弥次喜多雑感 | アジアのお坊さん 番外編

アジアのお坊さん 番外編

旅とアジアと仏教の三題噺

これは人に聞いた話。

旅番組で弥次さん喜多さんが泊まった宿というのが紹介されていたそうな。

その中で、宿の主人が、「ここは弥次さん喜多さんが泊まった宿です」と説明したのはいいとしよう。「(架空の物語である)一九の膝栗毛の中で、弥次さん喜多さんが泊まったとして描かれている宿です」という説明を、省略した言葉であるとも取れるからだ。

でも、その番組の中では、宿泊客の方が、「この部屋で弥次さん喜多さんが寝たんだと思うと感激です」みたいに仰っていたので、このお客さんは弥次喜多が架空の人物だと分かっておられるのだろうかと、テレビを見ていて不安になったというお話。

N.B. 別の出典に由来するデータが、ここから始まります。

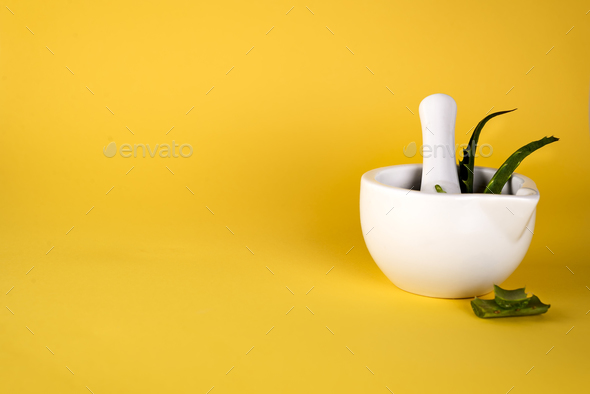 Aloe vera leaf, white mortar full of chopped aloe and bottles of aloe gel or infusion. - Stock Photo - Images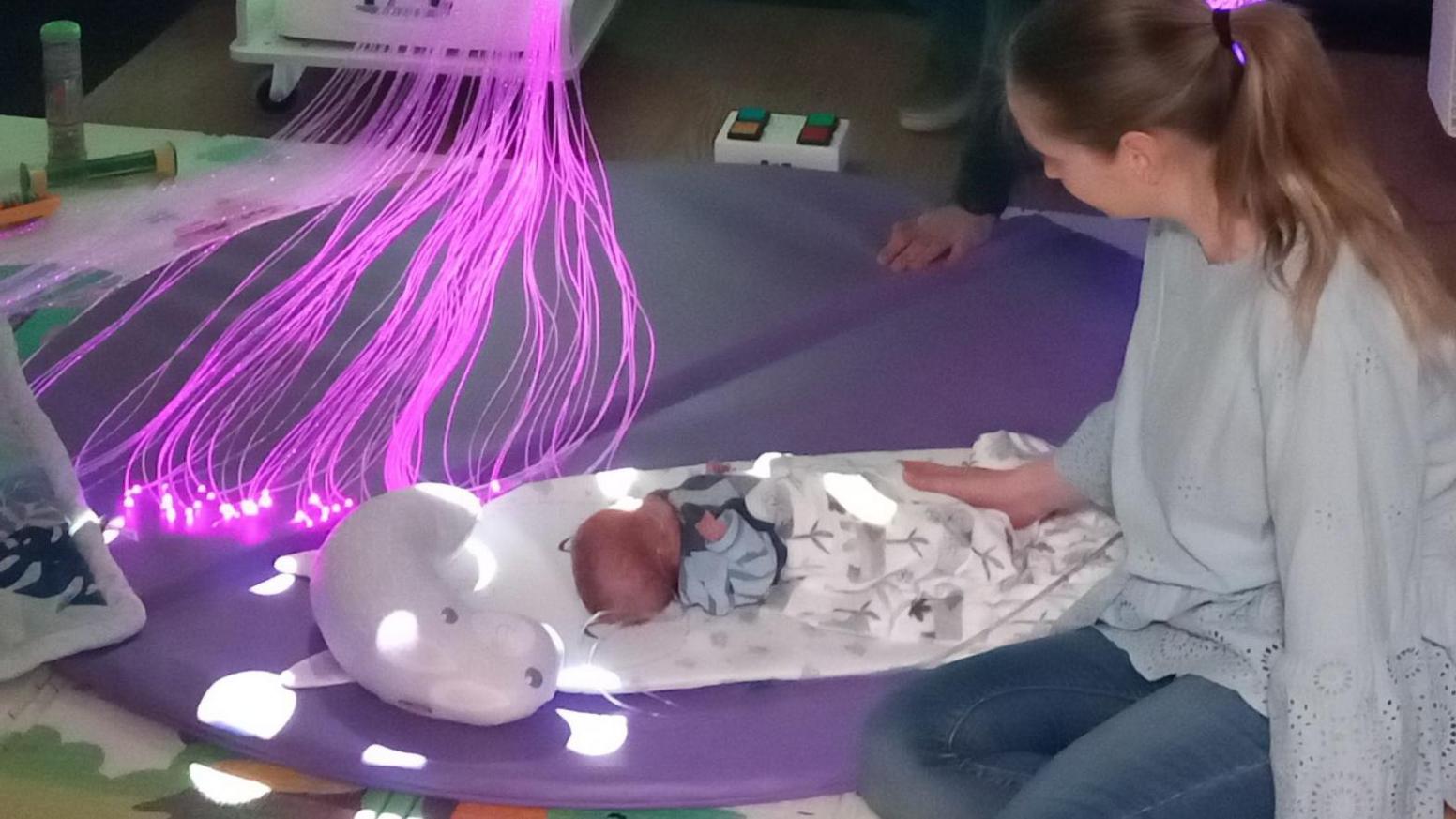 A  woman patting a new-born baby lying on an animal character mat on a colourful floor with lines of purple light nearby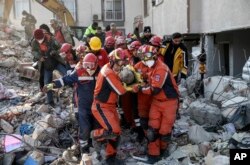 Rescatistas sacan a un migrante sirio de entre los escombros de un edificio derruido en Antioquía, en el sur de Turquía, el domingo 12 de febrero de 2023 (Cem Tekkesinoglu/DIA images via AP)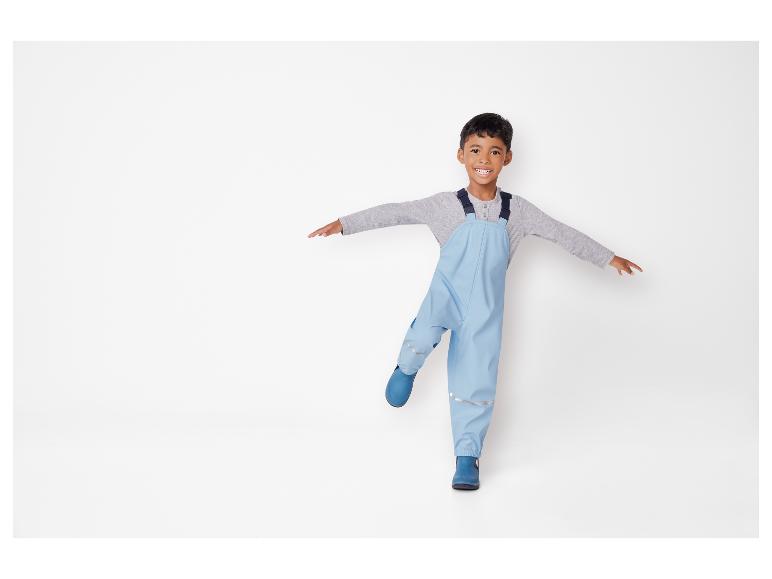 Ein Junge trägt blaue Gummistiefel und eine blaue Regenhose.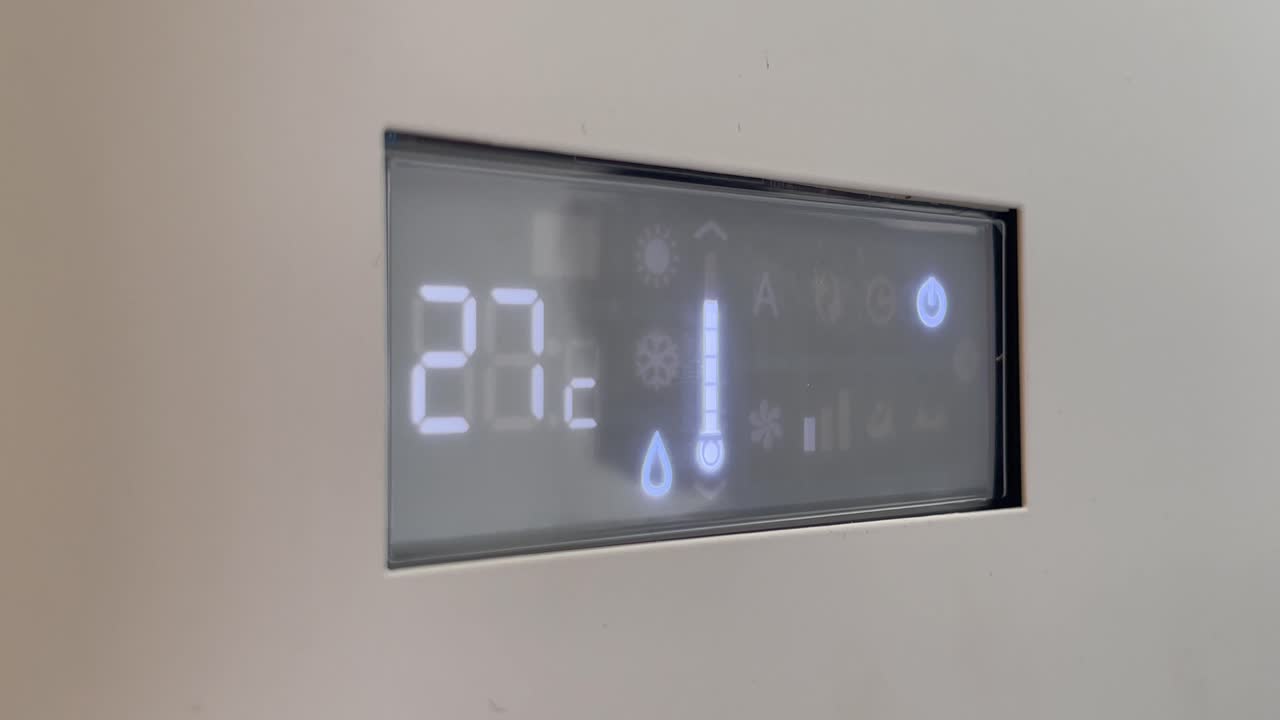 Digital air conditioner screen turning on and cooling set to 23 degrees Celsius. Concept of summer heat relief and indoor comfort.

こういう例は他にもある。源氏物語ゆかりの地で、光源氏が何々をした場所、みたいな説明書きが立っている。源氏をフィクションだと分かって、ここがゆかりの地なのだなあと感慨に耽っているのなら良いのだが、うっかりすると立て札の説明が、さも実在の人物、実在の出来事について記しているかのような書き方になっていることも多く、意識の低い人に誤解を与えないかと懸念する。

さて、京都三条大橋のたもとには、小さな弥次喜多像が建っている。これを実在の人物だと思う人は少ないと思うが、如何なものだろう。

ところが、実在の人物でもなければ、神仏ではないから偶像ですらないこの像に対し、ここを通りかかった時、実を言うと、いつも私はそっと手を合わす。

東海道の起点であるこの橋のたもとに、旅人の代表としての弥次さんと喜多さんがいることが嬉しくてなのか、もっと大きく曖昧に、この像に象徴される先人の文化全般に対して敬意を表す気持ちなのか、とにかくこの小さな二人連れの像が、私は好きだ。